I'm about to file a MCOL. I bought a new radiator in March 2017, it developed a fault (metal started to bulge and cause a leak) in February 2018 and defendant has ignored all attempts to resolve.

 

Defendant is a company that also sells on ebay - http://www.ebaystores.co.uk/delux-bathrooms

 

Before sending my first letter I looked them up on companies house and ended up with three addresses and thus sent three letters recorded.

1 - address listed on ebay page - the letter was returned as not called for.

2 - address listed on companies house - the letter was signed for by unknown.

3 - director address listed on companies house - this was signed for by the director and name matches that of the seller on ebay.

 

This is how it appears on ebay.

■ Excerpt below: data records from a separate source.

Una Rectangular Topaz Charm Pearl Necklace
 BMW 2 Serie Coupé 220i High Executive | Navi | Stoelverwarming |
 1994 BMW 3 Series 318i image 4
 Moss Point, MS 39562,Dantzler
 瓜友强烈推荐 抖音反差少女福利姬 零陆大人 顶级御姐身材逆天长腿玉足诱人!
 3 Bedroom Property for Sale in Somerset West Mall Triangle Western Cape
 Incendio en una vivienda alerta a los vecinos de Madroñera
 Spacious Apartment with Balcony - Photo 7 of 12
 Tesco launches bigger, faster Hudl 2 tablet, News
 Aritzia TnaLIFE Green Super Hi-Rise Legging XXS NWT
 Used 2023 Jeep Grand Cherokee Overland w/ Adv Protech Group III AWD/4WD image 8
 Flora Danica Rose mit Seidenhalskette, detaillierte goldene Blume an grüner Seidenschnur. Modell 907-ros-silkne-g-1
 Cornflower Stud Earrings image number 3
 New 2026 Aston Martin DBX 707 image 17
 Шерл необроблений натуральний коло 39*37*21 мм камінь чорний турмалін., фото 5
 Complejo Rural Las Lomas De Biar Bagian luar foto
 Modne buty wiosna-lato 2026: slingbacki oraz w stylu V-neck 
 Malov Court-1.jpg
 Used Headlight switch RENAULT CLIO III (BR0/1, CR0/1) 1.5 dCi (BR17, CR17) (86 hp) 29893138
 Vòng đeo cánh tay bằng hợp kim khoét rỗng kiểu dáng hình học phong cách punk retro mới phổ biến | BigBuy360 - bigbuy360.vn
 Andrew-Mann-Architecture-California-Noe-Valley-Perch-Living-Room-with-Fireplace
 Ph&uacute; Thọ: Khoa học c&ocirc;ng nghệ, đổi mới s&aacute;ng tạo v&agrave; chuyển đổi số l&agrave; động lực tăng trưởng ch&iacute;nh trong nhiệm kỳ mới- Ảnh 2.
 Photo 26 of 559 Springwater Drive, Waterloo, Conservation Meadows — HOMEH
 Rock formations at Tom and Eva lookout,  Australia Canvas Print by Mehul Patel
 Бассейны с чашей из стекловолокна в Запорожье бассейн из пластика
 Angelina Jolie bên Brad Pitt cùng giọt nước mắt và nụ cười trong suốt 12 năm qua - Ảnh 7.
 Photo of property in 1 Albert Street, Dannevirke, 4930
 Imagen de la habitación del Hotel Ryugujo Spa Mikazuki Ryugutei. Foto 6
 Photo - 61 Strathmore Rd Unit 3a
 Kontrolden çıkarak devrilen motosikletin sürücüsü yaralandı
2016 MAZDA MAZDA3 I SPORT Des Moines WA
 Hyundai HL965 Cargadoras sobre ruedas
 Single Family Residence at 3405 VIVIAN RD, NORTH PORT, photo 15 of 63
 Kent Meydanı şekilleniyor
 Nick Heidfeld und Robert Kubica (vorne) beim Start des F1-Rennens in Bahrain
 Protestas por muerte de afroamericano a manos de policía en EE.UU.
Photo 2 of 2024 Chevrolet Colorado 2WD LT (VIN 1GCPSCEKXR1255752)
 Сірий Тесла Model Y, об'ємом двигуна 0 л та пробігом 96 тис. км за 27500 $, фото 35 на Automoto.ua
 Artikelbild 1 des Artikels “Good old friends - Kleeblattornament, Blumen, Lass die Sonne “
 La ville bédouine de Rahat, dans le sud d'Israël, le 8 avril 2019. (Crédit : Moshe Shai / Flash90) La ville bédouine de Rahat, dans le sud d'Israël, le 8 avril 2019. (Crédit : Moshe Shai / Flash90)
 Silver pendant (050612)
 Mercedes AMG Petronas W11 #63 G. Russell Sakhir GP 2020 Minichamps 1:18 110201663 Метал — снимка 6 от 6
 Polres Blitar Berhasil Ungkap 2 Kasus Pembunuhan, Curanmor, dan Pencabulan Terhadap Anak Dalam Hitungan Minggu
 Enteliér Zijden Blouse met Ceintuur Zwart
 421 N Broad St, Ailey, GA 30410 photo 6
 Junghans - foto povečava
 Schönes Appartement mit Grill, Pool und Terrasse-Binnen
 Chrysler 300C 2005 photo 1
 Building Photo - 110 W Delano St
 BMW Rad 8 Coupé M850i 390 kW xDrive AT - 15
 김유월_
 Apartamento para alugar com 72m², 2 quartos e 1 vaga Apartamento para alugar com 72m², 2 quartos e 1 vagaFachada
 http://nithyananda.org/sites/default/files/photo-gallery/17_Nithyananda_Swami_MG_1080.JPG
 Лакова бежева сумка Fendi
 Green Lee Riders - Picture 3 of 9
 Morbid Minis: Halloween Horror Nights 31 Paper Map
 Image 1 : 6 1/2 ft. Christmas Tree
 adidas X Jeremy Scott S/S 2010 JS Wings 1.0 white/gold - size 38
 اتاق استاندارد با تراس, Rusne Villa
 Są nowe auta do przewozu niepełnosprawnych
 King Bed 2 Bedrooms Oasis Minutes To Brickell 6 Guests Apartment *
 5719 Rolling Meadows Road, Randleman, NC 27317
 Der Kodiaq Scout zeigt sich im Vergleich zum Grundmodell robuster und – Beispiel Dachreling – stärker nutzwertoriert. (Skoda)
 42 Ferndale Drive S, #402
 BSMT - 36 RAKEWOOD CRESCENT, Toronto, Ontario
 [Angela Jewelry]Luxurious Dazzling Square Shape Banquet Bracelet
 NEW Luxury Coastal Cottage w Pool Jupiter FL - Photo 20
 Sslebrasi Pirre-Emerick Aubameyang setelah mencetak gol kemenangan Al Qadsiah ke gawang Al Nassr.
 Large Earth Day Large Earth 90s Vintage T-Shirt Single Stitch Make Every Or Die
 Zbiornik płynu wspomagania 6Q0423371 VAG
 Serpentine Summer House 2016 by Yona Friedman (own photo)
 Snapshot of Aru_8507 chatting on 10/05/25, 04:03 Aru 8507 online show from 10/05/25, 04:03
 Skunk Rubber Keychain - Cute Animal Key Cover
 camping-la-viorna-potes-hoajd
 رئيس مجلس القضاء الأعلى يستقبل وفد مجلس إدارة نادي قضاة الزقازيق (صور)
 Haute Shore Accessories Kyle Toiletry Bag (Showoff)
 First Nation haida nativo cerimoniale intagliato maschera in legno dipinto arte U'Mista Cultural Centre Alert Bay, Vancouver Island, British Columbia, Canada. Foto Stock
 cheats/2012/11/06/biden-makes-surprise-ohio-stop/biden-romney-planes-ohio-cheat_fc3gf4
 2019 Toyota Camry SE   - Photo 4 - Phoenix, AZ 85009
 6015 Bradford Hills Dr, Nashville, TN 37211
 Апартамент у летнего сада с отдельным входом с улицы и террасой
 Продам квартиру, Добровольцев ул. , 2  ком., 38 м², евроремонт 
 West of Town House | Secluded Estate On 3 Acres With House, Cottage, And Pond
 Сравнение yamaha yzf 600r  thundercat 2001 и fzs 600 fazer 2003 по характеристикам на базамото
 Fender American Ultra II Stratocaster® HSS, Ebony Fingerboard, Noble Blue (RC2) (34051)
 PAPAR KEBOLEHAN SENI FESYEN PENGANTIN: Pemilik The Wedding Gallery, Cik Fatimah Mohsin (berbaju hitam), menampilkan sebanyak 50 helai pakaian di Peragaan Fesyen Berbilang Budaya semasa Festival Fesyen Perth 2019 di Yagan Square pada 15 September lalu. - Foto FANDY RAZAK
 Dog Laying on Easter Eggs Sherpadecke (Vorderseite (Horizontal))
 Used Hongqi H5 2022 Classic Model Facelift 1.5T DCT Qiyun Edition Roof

Ha Ma is the director who signed for the letter.

 

1me12.png

 

Should I raise MCOL against the company but with the directors address?

 

Here is my POC:

1. Claimant entered into contract with defendant for the sale of a new vertical radiator for £128.99 and paid the price on 9/3/17.

2. The radiator developed a fault on 8/2/18. Under Consumer Rights Act 2015 goods must be of satisfactory quality and fit for purpose. Furthermore radiator was supplied with a 25 year guarantee.

3. Claimant sent email to defendant on 9/2/18 seeking repair, refund or replacement. No response.

4. Claimant sent further letter on 16/2/18 seeking resolution. No response.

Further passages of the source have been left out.